→ **Data for this exercise**
^^^^
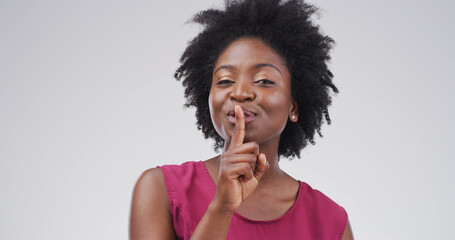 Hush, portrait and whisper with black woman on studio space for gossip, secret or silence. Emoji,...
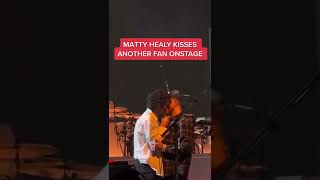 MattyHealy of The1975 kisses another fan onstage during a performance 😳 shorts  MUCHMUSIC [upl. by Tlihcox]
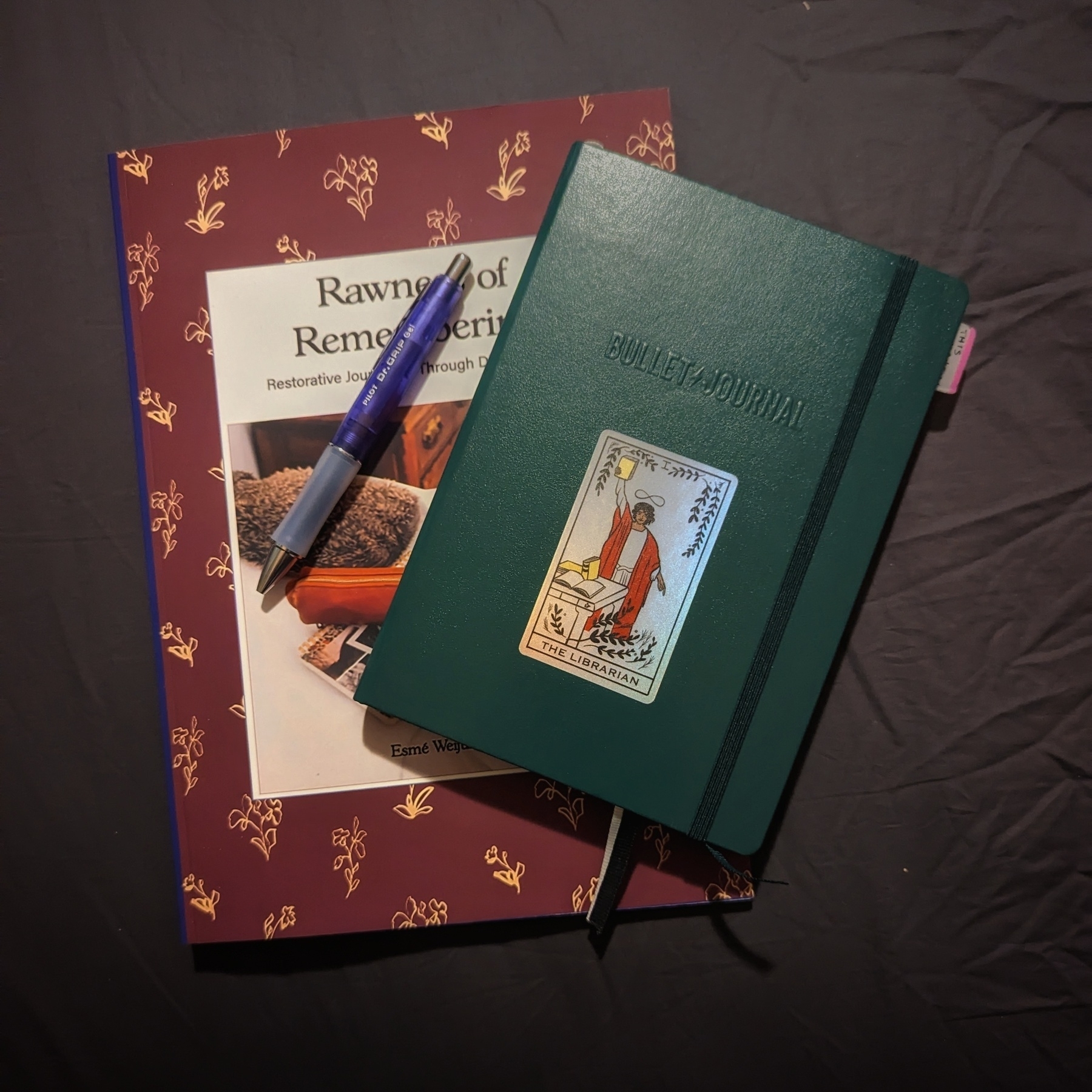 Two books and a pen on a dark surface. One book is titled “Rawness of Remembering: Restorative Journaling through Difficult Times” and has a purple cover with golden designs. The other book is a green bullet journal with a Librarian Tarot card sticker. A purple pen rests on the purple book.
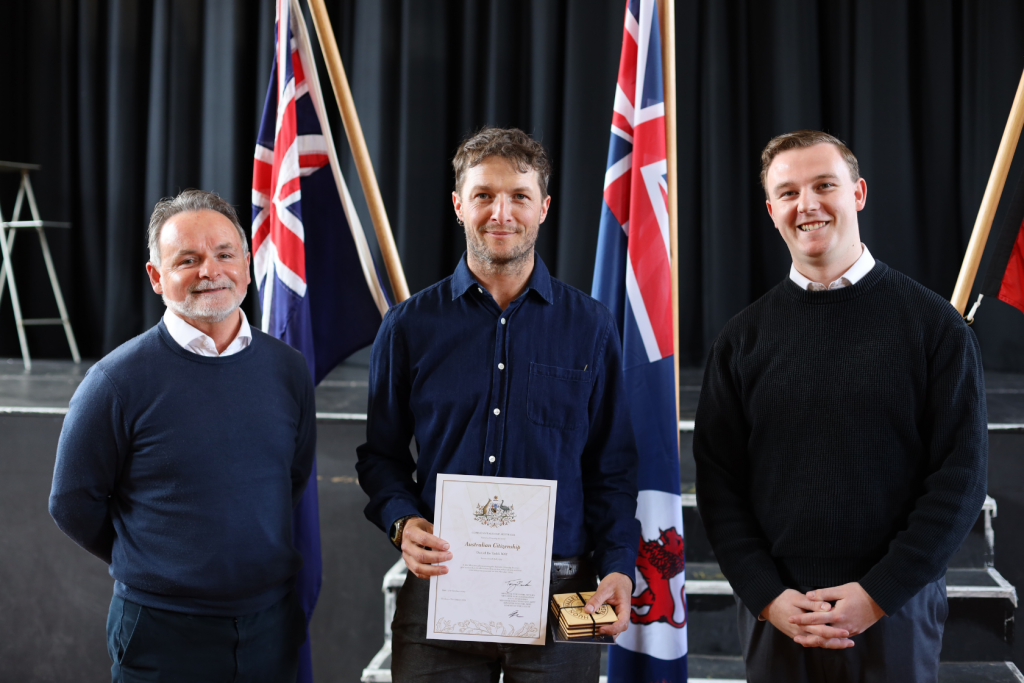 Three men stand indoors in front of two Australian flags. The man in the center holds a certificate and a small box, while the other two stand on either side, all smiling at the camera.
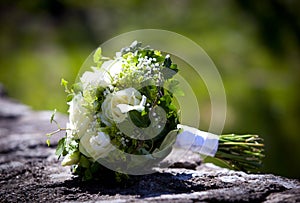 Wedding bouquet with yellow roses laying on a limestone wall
^^^^
→ **Problem description**
Take the listing and print it again exactly, but without any pictures.

→ **Exercise result**
 Hush, portrait and whisper with black woman on studio space for gossip, secret or silence. Emoji,...
 MattyHealy of The1975 kisses another fan onstage during a performance 😳 shorts  MUCHMUSIC [upl. by Tlihcox]
 Two books and a pen on a dark surface. One book is titled “Rawness of Remembering: Restorative Journaling through Difficult Times” and has a purple cover with golden designs. The other book is a green bullet journal with a Librarian Tarot card sticker. A purple pen rests on the purple book.
 Three men stand indoors in front of two Australian flags. The man in the center holds a certificate and a small box, while the other two stand on either side, all smiling at the camera.
 Wedding bouquet with yellow roses laying on a limestone wall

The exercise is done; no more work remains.